XGL will certainly add overhead, since you're effectively running a nested X server within the XGL server.
But the real issue with that approach is that since the XGL server "owns" the access to the graphical interface, the nested server (the one you're really using for your desktop) cannot see or access the hardware adapter directly, it assumes you do not have hardware acceleration available and falls back to using software libraries for openGL rendering.
If you use an app that is "XGL-aware", then it can take advantage of hardware acceleration, but right now compiz is pretty much the only app that does. Any other standard X based GL apps will be unable to utilize hardware acceleration under XGL, which means you take a substantial performance hit when running 3d apps on your 3d desktop. The one advantage that XGL offers is that by implementing compositing transparently, it will work with almost any 3d-capable hardware without requiring special support built into the driver (as in AIGLX).
AIGLX permits the compositing to be supported directly by the driver, rather than requiring an extra layer like XGL that interferes with other apps being able to utilize hardware acceleration.

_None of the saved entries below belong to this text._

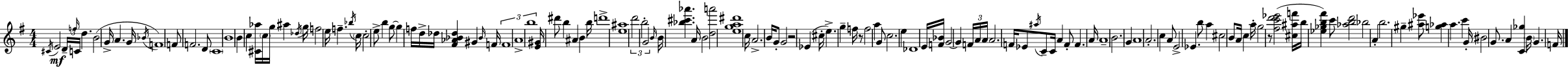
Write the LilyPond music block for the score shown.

{
  \clef treble
  \numericTimeSignature
  \time 4/4
  \key e \minor
  \acciaccatura { cis'16 }\mf e'2 \tuplet 3/2 { d'16-- \grace { f''16 } c'16 } d''4. | b'2( g'16-> a'4. | g'16 \acciaccatura { bes'16 }) f'1 | f'8 f'2. | \break d'8 \parenthesize c'1 | b'1 | b'4 c''4 <cis' aes''>16 \parenthesize c''16 g''16 ais''4 | \acciaccatura { des''16 } g''16 f''2 e''16 f''4.-- | \break \acciaccatura { bes''16 } \parenthesize c''16 c''2-. e''8-> b''4 | g''8~~ g''4 f''16 d''16-> des''16 <fis' aes' bes' des''>4 | gis'4 \grace { bes'16 } f'16 \tuplet 3/2 { f'1 | a'1-> | \break b''1 } | <e' gis'>16 dis'''8 b''4 ais'4 | b'4 b''16 d'''1-> | <e'' ais''>1 | \break \tuplet 3/2 { d'''2 b''2-. | g'2 } \grace { b'16 } b'16 | <bes'' cis''' aes'''>4. a'16 b'2 <d'' a'''>2 | <e'' g'' a'' dis'''>1 | \break c''16 a'2.-> | b'16 g'8-. g'2 r2 | ees'4( cis''16-. e''4.->) | g''4-- f''16 r8 f''2 | \break a''4 g'8 c''2. | e''4 des'1 | e'16 <f' bes'>16 g'2~~ | g'4 \tuplet 3/2 { f'16 a'16 a'16 } a'2. | \break f'16 ees'8 \acciaccatura { ais''16 } c'8-- c'16 a'4 f'8-. | f'4. a'16 a'1-- | b'2. | g'4 a'1 | \break a'2.-. | c''4 a'8 e'2-> | ees'4. b''8 a''4 cis''2 | b'8 a'16 c''4 a''16-. g''2 | \break r8 <fis'' c''' d''' ees'''>2( | <cis'' ais'' f'''>16 b''16 <ees'' ges'' b'' fis'''>4) c'''8 <aes'' b'' d'''>2 | bes''2 a'4-. b''2. | gis''4-- <ais'' ees'''>8 <g'' aes''>4 | \break a''4. c'''4 g'16-. bis'2 | g'8. a'4 <c' ges''>4 | \parenthesize b'16 g'4. f'16 \bar "|."
}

It's still a relatively new technology, and driver support is still a bit hit and miss depending on the adapter, particularly if you're using ATI, but for the most part this is the direction the technology is heading. KDE4, for instance, didn't even bother building in XGL support for their standard compositing.
So you're totally correct, but the performance is a limitation of the design of XGL. It's a feature, not a bug...
Hope this all makes sense...
Cheers,
KV